As I have stated previously, I care far too much about what other people think about me. There’s all sorts of issues of self esteem and self worth bound up together in there, but at the end of the day I want people to think that Andy Geers is awesome. Given the right conditions, I can even go a long way towards convincing myself that might be true. I can pull some pretty smart moves on the dance mats, for instance. Not to mention how I’ve been labouring for four and a half years on a custom-built 3D engine for my Bible-teaching computer games under the illusion that I’m an awesome programmer (there’s no other sensible hypothesis for why I would have attempted such a feat, after all!) I can convince myself it’s true when it comes to my relationship with God as well: if I leave out the ugly parts, I’m basically a good person and I’m sure God will be happy enough with my performance, given how generally awesome I am.

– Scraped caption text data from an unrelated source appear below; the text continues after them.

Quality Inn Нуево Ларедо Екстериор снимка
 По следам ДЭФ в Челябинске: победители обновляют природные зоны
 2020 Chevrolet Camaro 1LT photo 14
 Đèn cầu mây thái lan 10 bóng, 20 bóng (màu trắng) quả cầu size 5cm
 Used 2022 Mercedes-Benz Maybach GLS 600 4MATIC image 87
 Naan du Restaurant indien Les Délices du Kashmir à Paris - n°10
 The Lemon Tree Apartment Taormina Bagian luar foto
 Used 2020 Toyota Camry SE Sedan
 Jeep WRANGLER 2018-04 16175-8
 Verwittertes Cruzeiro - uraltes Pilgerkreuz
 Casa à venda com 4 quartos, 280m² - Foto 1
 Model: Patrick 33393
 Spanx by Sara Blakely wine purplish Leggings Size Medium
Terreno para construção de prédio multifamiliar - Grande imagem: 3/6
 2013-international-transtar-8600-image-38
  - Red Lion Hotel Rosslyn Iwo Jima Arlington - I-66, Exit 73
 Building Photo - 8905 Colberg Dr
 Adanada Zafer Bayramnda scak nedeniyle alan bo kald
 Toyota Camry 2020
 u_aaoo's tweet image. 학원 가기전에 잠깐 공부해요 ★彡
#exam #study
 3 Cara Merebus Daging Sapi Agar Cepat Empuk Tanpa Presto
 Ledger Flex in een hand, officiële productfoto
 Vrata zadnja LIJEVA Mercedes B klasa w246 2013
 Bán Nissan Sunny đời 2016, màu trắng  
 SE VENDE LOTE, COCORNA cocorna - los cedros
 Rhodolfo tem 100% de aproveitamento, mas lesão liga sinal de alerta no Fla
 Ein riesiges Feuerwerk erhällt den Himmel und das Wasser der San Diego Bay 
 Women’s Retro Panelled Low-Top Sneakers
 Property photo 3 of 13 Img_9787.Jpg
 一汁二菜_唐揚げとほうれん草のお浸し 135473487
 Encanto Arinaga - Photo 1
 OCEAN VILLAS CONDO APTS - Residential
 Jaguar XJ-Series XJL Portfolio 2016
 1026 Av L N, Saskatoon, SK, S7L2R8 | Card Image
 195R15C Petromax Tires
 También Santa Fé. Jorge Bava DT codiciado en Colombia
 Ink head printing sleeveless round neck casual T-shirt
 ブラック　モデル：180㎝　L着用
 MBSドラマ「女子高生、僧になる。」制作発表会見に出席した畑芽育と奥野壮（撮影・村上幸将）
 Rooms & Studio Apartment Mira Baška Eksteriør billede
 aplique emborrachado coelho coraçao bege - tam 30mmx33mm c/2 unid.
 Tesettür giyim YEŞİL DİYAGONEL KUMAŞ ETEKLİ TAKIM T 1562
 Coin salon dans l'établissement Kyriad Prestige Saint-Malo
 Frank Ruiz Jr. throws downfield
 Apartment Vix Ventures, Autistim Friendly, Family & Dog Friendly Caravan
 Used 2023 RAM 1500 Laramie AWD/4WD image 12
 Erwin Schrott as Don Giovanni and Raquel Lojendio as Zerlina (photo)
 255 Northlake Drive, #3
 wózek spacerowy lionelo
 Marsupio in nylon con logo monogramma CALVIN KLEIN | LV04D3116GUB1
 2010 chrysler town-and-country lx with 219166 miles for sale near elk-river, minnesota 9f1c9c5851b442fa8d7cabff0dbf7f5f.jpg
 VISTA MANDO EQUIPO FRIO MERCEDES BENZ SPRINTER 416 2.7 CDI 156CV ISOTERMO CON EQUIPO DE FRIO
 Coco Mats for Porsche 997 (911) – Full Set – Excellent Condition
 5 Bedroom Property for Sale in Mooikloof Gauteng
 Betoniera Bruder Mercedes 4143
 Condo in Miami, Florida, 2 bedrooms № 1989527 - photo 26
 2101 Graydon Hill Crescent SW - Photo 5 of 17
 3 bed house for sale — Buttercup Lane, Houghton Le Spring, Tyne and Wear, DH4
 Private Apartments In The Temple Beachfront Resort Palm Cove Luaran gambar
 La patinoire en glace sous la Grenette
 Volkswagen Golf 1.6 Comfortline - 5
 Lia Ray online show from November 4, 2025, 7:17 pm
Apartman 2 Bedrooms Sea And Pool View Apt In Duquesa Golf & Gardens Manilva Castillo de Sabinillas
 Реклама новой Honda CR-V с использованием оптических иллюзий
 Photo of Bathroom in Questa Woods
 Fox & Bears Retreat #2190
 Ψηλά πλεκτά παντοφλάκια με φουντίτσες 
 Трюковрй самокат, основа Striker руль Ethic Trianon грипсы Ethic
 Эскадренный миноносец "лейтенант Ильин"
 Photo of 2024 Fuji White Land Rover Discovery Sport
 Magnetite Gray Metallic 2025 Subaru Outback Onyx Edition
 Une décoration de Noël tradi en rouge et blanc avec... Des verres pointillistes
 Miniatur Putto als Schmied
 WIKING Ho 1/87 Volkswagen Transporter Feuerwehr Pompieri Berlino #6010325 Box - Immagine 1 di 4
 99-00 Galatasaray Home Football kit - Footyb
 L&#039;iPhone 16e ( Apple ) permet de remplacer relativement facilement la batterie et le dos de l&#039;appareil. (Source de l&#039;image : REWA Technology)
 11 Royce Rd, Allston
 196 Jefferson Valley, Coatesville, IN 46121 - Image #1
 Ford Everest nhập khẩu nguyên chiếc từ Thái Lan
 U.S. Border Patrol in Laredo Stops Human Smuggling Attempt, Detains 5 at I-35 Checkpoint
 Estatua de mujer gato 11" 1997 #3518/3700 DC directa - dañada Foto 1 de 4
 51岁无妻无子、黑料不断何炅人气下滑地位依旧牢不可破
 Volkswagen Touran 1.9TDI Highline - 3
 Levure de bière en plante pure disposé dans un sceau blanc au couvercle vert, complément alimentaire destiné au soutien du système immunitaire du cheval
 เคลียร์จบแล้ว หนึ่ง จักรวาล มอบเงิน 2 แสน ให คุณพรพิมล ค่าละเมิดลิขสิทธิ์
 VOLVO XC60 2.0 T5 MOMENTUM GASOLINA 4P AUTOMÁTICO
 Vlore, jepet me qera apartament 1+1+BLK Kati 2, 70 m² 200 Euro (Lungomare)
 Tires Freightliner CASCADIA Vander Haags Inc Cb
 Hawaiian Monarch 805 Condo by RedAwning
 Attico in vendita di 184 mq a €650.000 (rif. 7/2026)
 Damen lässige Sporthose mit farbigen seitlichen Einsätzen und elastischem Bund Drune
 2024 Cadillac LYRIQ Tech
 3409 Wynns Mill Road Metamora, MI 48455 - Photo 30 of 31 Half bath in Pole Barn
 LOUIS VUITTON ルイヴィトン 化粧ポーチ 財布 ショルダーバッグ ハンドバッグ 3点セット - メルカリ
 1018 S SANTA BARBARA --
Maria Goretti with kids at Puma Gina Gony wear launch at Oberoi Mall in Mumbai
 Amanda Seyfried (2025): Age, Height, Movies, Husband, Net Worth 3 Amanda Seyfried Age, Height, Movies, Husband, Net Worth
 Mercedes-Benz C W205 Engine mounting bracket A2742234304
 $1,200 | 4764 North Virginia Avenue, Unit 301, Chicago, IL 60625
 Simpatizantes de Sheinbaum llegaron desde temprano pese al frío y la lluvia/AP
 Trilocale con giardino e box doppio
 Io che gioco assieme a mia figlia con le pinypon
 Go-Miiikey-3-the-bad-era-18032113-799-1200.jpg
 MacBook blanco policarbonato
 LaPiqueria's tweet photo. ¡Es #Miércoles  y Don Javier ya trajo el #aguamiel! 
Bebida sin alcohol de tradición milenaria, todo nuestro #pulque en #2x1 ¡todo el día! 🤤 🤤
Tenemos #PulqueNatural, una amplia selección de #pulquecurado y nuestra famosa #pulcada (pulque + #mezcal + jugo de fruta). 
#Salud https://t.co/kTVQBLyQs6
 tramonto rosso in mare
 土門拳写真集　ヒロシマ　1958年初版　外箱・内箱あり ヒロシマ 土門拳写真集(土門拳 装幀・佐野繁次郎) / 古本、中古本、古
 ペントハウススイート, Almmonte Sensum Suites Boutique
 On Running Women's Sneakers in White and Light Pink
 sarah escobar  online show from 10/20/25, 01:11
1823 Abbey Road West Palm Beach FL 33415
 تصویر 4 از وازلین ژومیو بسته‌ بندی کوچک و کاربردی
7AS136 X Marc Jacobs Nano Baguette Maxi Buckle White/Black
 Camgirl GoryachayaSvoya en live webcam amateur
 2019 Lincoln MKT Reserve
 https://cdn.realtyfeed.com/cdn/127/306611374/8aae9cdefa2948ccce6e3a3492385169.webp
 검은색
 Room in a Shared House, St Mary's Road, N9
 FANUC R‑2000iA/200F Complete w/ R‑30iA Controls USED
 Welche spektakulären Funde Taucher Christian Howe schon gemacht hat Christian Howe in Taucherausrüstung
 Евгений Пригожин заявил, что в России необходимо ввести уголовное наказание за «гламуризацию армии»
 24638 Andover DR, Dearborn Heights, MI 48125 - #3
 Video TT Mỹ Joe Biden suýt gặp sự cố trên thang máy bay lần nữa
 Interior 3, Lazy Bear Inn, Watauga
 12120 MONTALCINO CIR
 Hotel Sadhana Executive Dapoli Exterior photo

But the trouble with this attitude is when the cracks start to show. What happens when you come to start using your game engine in anger and you find that it’s riddled with bugs, leaving you facing the prospect of investing months more work in an engine that’s already at least five years behind the state-of-the-art? What happens when somebody else shows up on the scene who is quite clearly even more awesome that you thought you were (and whose dance mat prowess leaves you in the dust)? What happens when the sin in your life because so painfully obvious that it starts to become clear that the holy God in whom is no darkness whatsoever must be offended by the very thought of you?

Put no confidence in the flesh

At church tonight we had a brilliant sermon looking at Philippians 3:1-7, and I was particularly struck by verse 3:

“For we are the real circumcision, who worship by the Spirit of God and glory in Christ Jesus and put no confidence in the flesh

The Christian person is free (indeed, obliged) to discard any pretensions at having reason to boast in themselves, and instead is freed to glory in their utter worthlessness and dependence upon the merits of the Lord Jesus Christ alone. Let me shout it from the rooftops with the utmost joy in my heart: I HAVE NO GROUNDS FOR CONFIDENCE IN MYSELF!!! Hurrah! It doesn’t matter if so-and-so is threatening to outshine me with their superior awesomeness – I have no awesomeness to protect! Andy Geers is not awesome – but Jesus IS!

It’s such a liberating truth to know that I don’t need to protect my self-esteem – instead I need to bolster my Jesus-esteem. I’ve been really encouraged and challenged by these accounts of Martin Luther that have been doing the rounds this past week:

The Devil would come to him and whisper in his ear, accusing him of all manner of filthy sin: “Martin, you are a liar, greedy, lecherous, a blasphemer, a hypocrite. You cannot stand before God.” To which Luther would respond: “Well, yes, I am. And, indeed, Satan, you do not know the half of it. I have done much worse than that and if you care to give me your full list, I can no doubt add to it and help make it more complete. But you know what? My Saviour has died for all my sins – those you mention, those I could add and, indeed, those I have committed but am so wicked that I am unaware of having done so. It does not change the fact that Christ has died for all of them; his blood is sufficient; and on the Day of Judgment I shall be exonerated because he has taken all my sins on himself and clothed me in his own perfect righteousness.”

Unity FTW!

I’m going to keep dwelling on Luther’s approach this week. But in the mean time, I’ve taken the plunge and started a 30 day trial of the Unity game engine to see if I can reproduce my point & click adventure game during that time. So far I’m absolutely loving it! It’s a great feeling to know instead of being burdened with having to do everything myself, instead the longer I sit back and wait the more features and extensions and bugfixes get developed for it! And it has so many more features than my poor little engine could ever hope to have offered, it’s unbelievable, not to mention cross-platform support for Windows, Apple and Nintendo Wii. Somehow, I think I’ve made the right choice! Even if it does mean giving up a little cause to boast in myself.

I’d rather spend my time boasting in Jesus Christ.